# Activity
Could you output the listing that follows exactly, without its images?

# Dataset section
^^^^^^^^
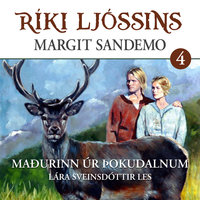 Maðurinn úr Þokudalnum - Margit Sandemo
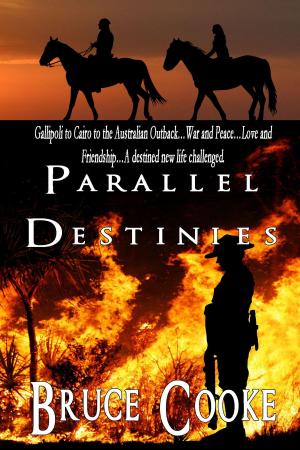 Cover of the book Parallel Destinies by Gray Dixon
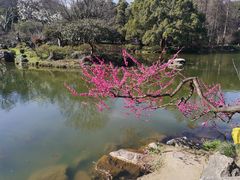 -杭州植物园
^^^^^^^^
# Result below
 Maðurinn úr Þokudalnum - Margit Sandemo
 Cover of the book Parallel Destinies by Gray Dixon
 -杭州植物园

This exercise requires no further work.